Auxiliary graph-based energy-efficient routing resource allocation algorithm in space division multiplexing elastic optical networks

Abstract

Space division multiplexing elastic optical networks (SDM-EONs) are considered as a efficient solution for increasing the link’s capacity. However, the SDM-EONs brought challenges to be explored, notably the routing, core and spectrum assignment (RCSA) problem. For the real network, another important issue should be considered is the problem of energy consumption. The auxiliary graph (AG) can abstract node devices into elements in it and support various routing policies for different purposes by adjusting the weights of AG edges. Therefore, this paper proposes an auxiliary graph-based energy efficient routing resource allocation algorithm (AG-EERRA) to jointly optimize the energy consumption and RCSA. Each node of the auxiliary graph is abstracted from the devices of physical node. The intra edge weights of nodes set the function associated with the energy consumption model.
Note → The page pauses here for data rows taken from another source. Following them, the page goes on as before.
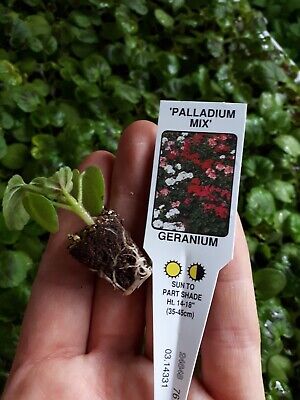 x15 Antirrhinum Snapshot Snapdragon Mixed MINI PLUG PLANTS Garden Plant Flowers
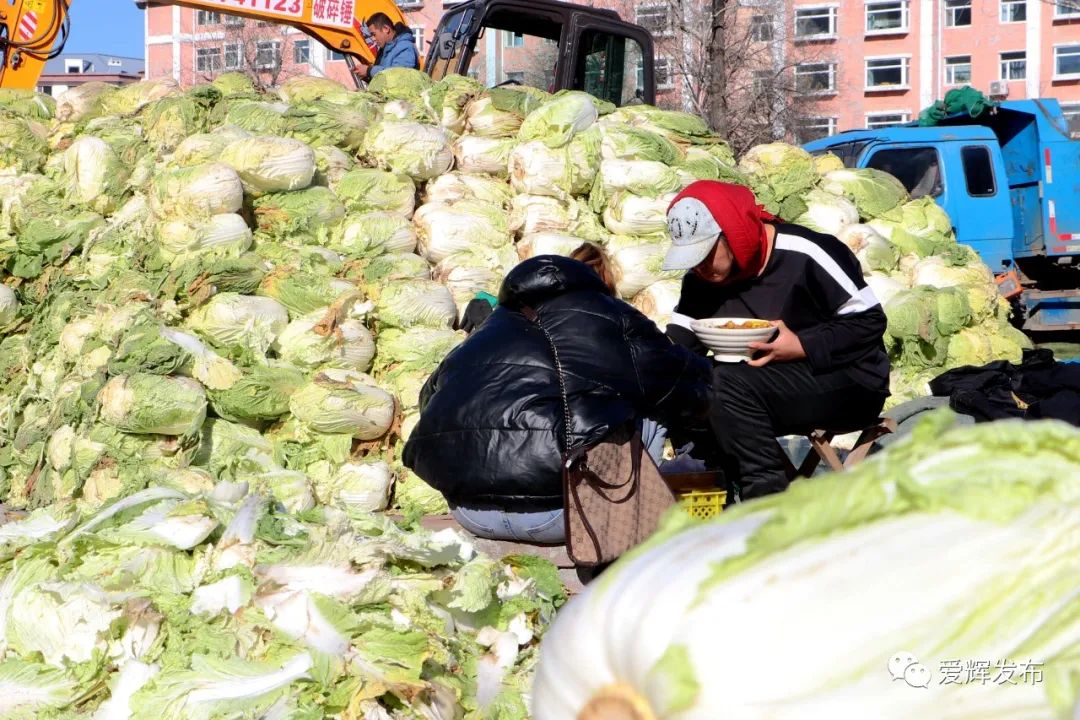 在晨起幕落中奔波忙碌的黑河白菜夫妇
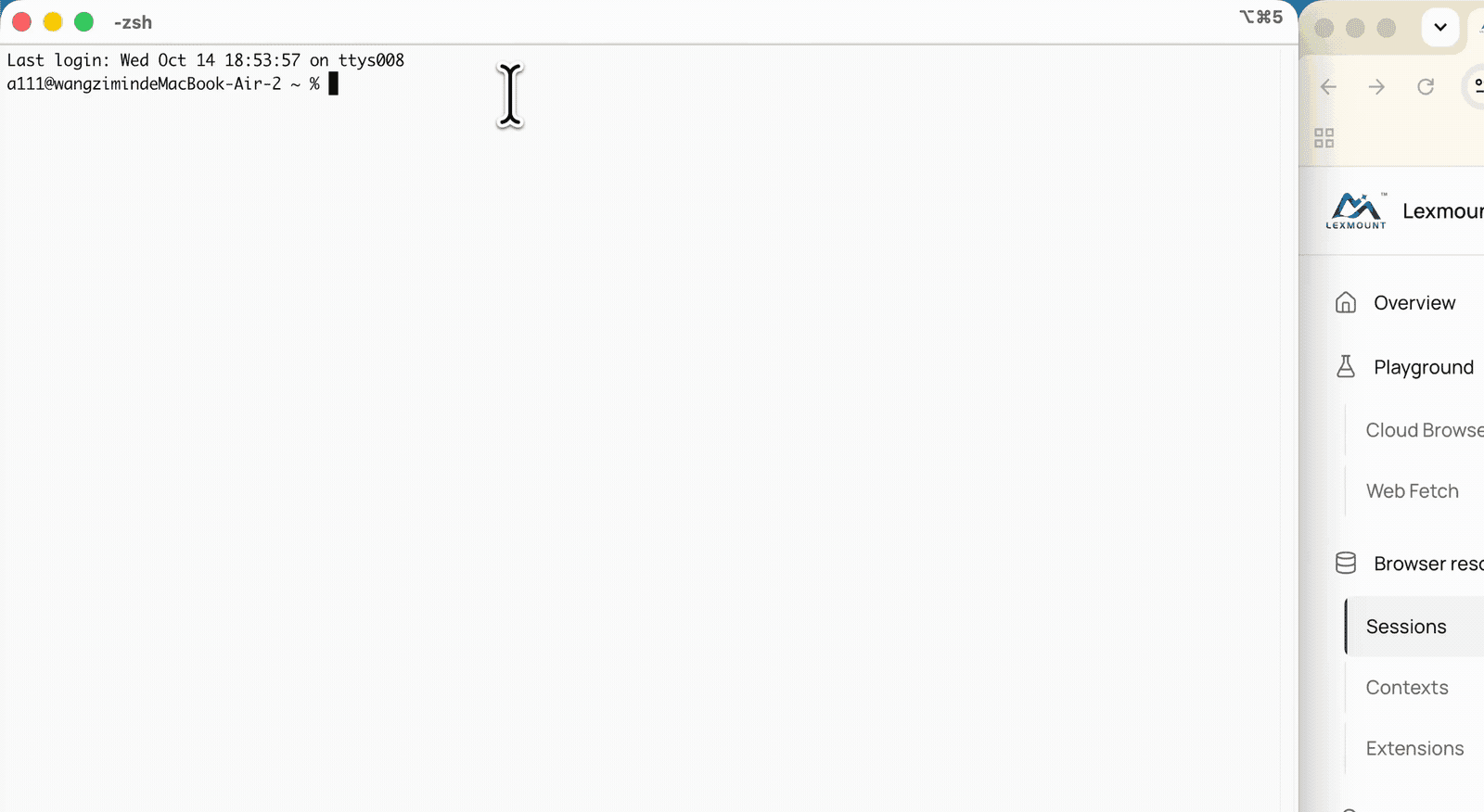 Demo · A cloud browser automatically completes CAPTCHA verification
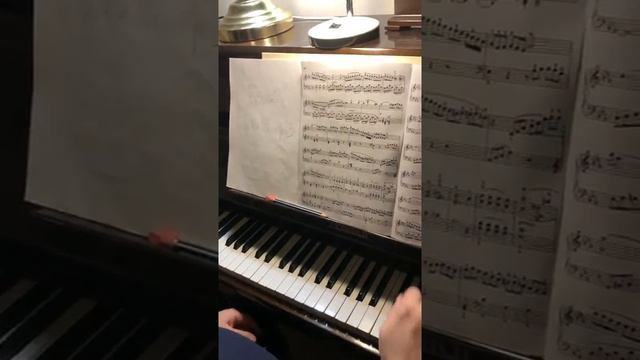 Beethoven Sonata op.13 Pathétique III- 1 Соната 8 Патетическая_ пульс, артикуляц.mp4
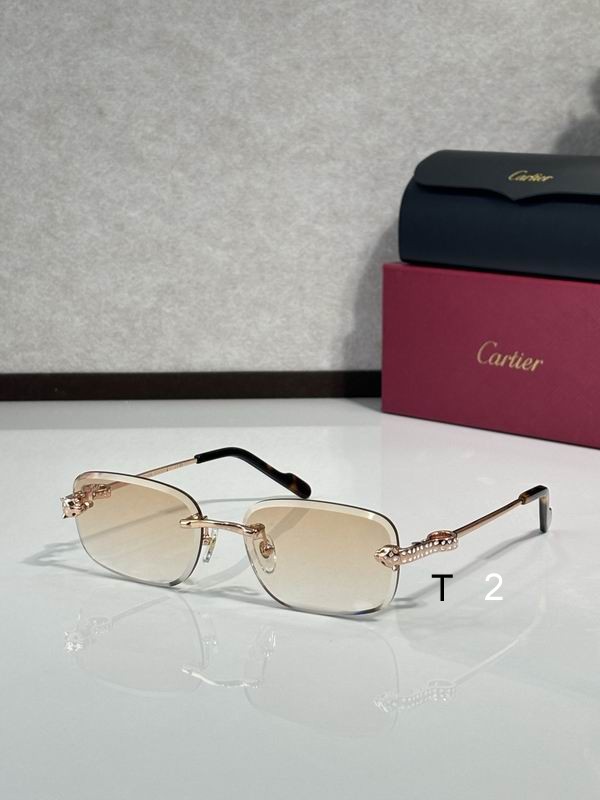 Cartier CT0755S 57 17-143 C04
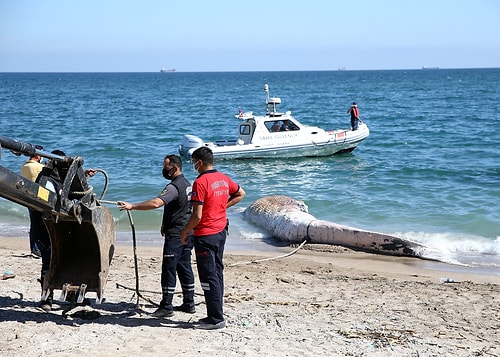 Dünyadaki En Büyük İkinci Tür: Mersin Sahiline 14 Metrelik Oluklu Balina Vurdu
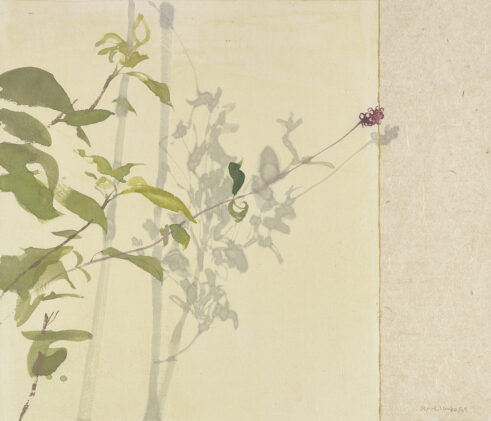 Honeysuckle Shadow, November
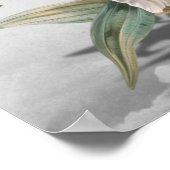 Geloof in jezelf poster (Hoek)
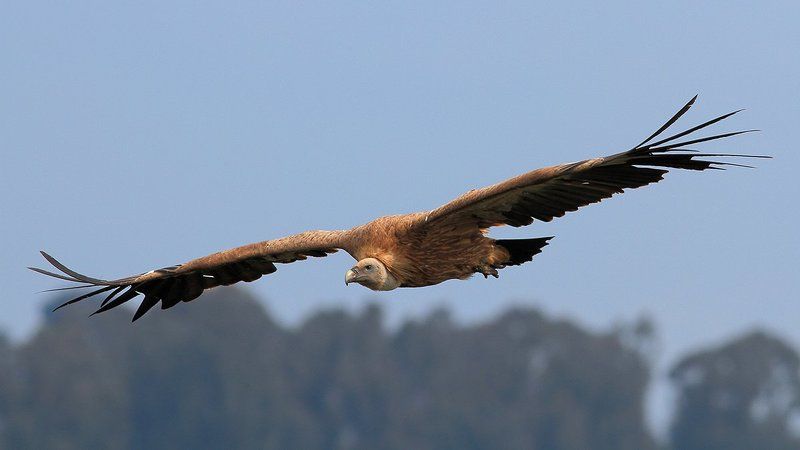 400mm, 7D, Animals, Birds, Griffon, Гриф, Животные, Орел, Птицы Немного об орлах..photo preview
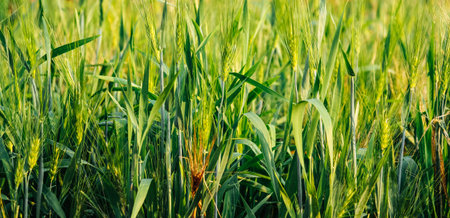 Green ears of wheat in the field. Springtime. Selective focus.の写真素材
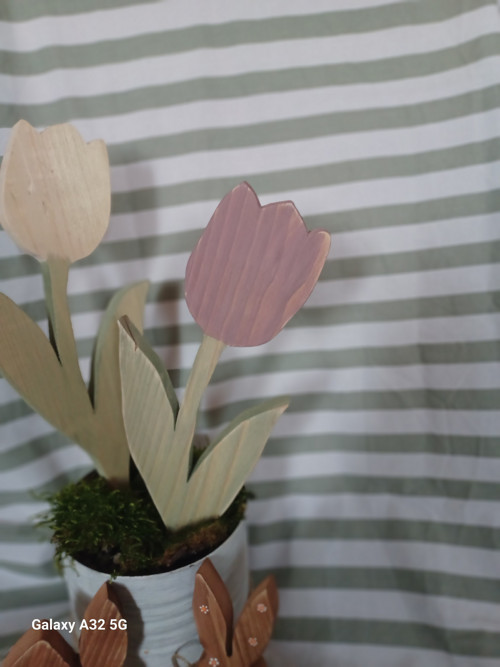 Tulipán velký — foto 2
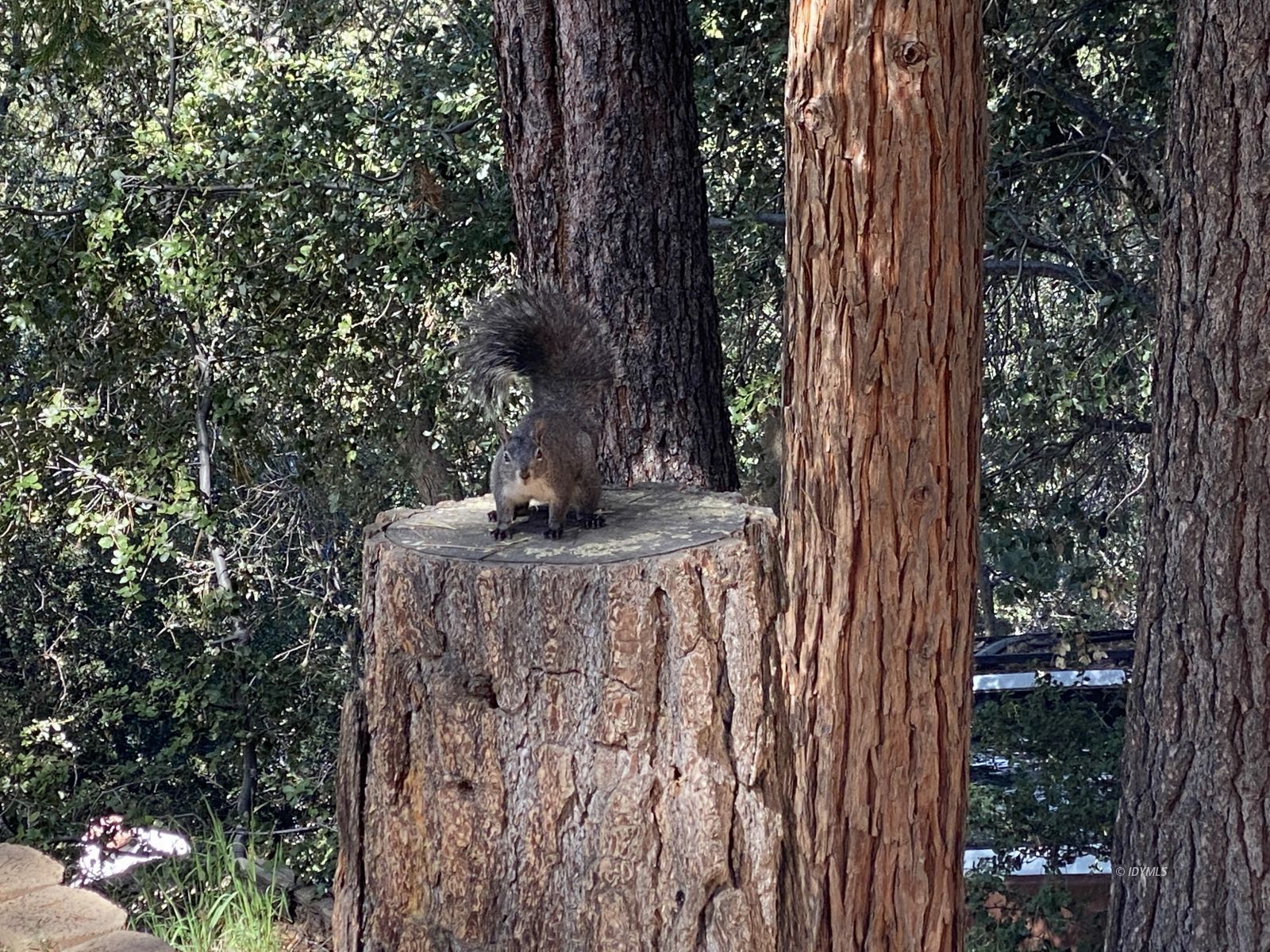 24670 Logan Creek Road Idyllwild, CA 92549 - Photo 39 of 50 Untitled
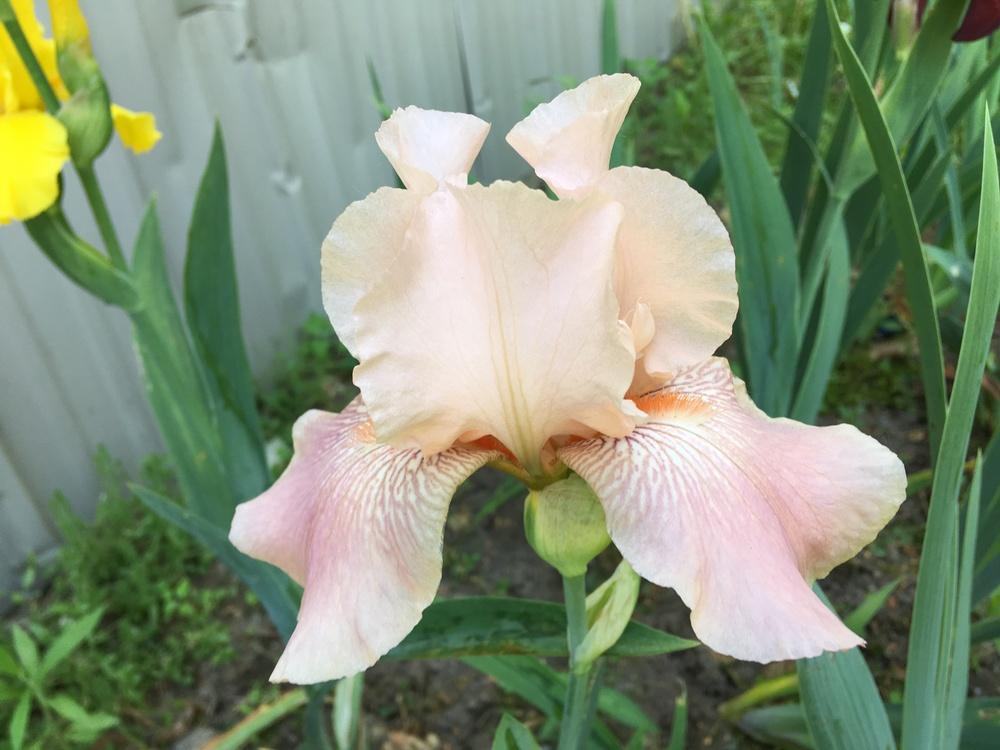 Photo of Tall Bearded Iris (Iris 'Glitter Repink') uploaded by Lbsmitty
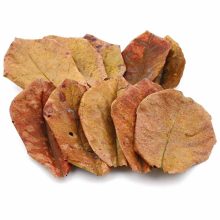 SERA Catappa levél S (10-15cm) akváriumban meggátolják gombák elszaporodását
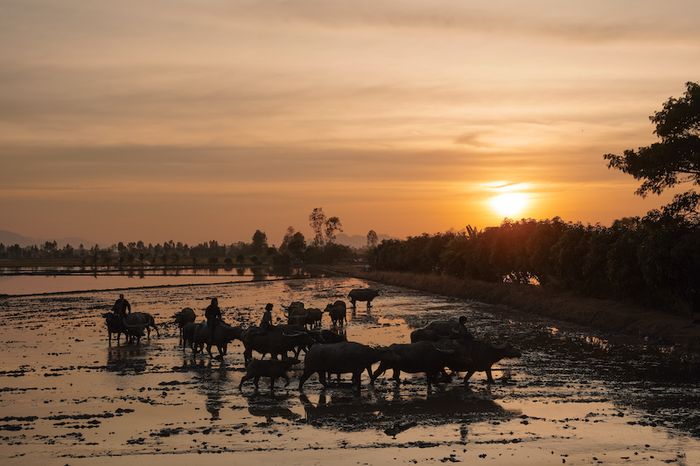 Khung cảnh vùng sông nước miền Tây trong bộ phim Đất Rừng Phương Nam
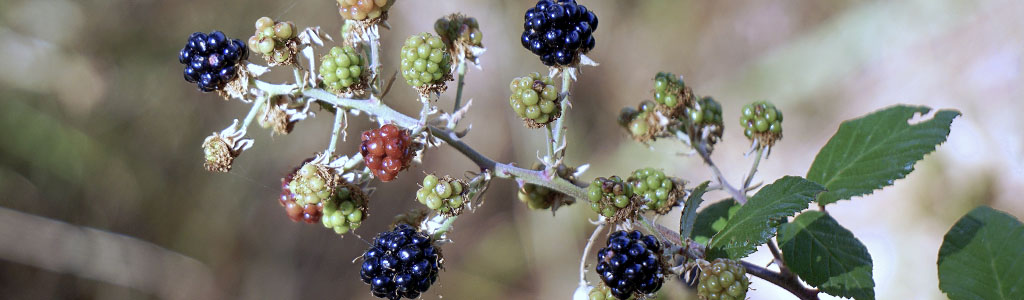 rubus ulmifolius zarzamora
The inter edge weights of node are composed link length, free frequency slots, modulation efficiency and the value of core crosstalk innovatively. Meanwhile, the impact of inter-core crosstalk on request is reduced by crosstalk avoidance strategy and crosstalk aware strategy. In the proposed auxiliary graph, the shortest weight path is selected to transmit requests that can reduce network energy consumption and blocking probability. Under the high-load network, request splitting is performed for the requests that cannot successfully find a route to improve energy efficiency. Simulation results show that the proposed algorithm can improve the network energy efficiency while reducing request blocking probability compared to comparison algorithms.